Smith and her classmates went into classrooms and talked with the students about the importance of healthy eating and which types of foods and drinks can cause cavities. They provided demonstrations on brushing and flossing and gave the students goodie bags with oral hygiene supplies at the end of the day. She estimates that they served several hundred students throughout the year.

“It was fun and challenging working with the kids, but it was always really rewarding,” Smith said.

Smith continued to engage in student leadership committees and participated in events with the Virginia Dental Hygiene Association. The more comfortable she stepped out of her comfort zone, the more comfortable she became.

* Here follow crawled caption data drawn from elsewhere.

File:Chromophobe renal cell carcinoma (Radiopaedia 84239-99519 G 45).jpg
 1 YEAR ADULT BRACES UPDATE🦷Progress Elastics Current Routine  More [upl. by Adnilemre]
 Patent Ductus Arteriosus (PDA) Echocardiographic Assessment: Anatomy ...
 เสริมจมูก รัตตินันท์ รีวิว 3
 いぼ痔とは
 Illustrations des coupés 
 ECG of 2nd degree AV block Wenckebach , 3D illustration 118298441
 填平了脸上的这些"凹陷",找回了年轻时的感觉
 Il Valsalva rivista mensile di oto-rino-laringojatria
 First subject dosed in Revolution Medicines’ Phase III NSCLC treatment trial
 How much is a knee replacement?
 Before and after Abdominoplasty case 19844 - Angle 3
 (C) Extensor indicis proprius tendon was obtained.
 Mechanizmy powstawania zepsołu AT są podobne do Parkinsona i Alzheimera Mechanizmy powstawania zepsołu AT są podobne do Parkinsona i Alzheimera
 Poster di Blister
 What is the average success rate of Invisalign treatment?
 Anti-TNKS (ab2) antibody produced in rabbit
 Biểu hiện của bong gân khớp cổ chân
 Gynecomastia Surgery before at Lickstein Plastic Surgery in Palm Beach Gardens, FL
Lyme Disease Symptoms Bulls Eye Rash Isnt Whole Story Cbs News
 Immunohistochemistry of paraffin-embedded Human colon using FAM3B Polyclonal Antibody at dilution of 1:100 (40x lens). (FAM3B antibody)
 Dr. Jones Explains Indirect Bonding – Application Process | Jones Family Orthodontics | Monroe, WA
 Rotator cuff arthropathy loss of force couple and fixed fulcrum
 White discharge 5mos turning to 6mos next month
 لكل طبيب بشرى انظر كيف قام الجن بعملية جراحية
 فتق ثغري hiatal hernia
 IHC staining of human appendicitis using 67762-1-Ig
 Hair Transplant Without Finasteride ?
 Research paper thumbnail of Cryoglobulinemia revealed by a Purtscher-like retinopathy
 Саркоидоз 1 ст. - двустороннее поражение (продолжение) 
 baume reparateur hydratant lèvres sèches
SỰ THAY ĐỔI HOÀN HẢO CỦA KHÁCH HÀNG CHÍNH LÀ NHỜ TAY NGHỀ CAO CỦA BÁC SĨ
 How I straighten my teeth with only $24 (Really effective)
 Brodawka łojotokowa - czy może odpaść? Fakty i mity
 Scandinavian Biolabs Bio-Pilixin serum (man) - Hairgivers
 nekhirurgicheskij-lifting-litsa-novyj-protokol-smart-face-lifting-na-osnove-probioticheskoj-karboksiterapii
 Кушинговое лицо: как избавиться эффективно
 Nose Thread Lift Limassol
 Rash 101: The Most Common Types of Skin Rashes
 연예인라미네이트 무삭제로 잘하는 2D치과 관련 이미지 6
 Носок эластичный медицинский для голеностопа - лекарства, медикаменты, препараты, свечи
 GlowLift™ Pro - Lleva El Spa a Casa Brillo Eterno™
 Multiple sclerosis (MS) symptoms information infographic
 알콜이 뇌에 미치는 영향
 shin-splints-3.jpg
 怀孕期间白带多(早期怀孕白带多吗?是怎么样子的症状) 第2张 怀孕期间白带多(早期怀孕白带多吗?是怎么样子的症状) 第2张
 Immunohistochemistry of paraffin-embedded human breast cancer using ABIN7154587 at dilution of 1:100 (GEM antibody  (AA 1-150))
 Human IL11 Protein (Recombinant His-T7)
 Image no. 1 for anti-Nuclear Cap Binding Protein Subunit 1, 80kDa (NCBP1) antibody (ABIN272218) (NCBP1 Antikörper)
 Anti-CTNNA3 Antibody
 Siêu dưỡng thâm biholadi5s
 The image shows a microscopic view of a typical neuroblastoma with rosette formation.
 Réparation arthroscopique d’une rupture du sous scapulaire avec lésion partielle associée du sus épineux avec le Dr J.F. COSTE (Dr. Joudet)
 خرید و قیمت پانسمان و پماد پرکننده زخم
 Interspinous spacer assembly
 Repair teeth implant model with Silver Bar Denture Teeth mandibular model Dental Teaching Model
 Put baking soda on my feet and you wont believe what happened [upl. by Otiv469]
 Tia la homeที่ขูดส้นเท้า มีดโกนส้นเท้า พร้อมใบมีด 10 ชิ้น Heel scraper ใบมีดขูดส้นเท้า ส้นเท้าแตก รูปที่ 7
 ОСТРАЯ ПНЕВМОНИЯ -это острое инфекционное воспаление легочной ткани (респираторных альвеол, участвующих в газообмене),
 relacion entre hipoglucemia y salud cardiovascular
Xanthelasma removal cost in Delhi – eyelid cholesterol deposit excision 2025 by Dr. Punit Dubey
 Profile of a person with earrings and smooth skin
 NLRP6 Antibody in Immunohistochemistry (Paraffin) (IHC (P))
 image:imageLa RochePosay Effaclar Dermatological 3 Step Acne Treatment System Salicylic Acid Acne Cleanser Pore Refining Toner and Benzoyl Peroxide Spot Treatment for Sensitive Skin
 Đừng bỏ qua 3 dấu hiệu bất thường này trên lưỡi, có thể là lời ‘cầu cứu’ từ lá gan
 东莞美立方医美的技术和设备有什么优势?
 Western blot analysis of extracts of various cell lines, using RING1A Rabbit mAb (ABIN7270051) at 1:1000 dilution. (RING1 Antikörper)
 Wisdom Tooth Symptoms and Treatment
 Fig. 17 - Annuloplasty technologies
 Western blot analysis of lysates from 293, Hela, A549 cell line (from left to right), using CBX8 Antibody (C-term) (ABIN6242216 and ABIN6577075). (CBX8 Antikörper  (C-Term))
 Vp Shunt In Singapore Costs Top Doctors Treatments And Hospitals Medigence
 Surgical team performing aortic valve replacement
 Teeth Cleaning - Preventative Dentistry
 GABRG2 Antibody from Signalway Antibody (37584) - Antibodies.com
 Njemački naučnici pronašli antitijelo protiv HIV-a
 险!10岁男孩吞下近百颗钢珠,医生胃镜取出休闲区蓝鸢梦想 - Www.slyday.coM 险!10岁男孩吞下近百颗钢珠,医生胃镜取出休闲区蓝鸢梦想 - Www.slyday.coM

“I’ve always preferred being alone, but I’ve learned to become more outgoing when I need to be. I’ve become more confident in leadership roles, and it’s definitely helped with things like professional networking.”

Smith has no plans to take a break after graduation; she’s looking forward to getting right to work.

“The dental practice I’ll be working for is much bigger and more comprehensive than the one I grew up going to in Dinwiddie,” said Smith, who is still interested in engaging in more specialized of dentistry. “They place implants and do a lot of prosthodontics in-house, so I’m really excited about observing and learning while I work.”

Smith has plans to continue her education. She hopes to work and save money in order to pursue a master’s degree in the next few years.

“If I go back to school, I want it to be at VCU,” Smith said. “I love the school, and I love Richmond. I can see myself moving back into the city and staying long term.”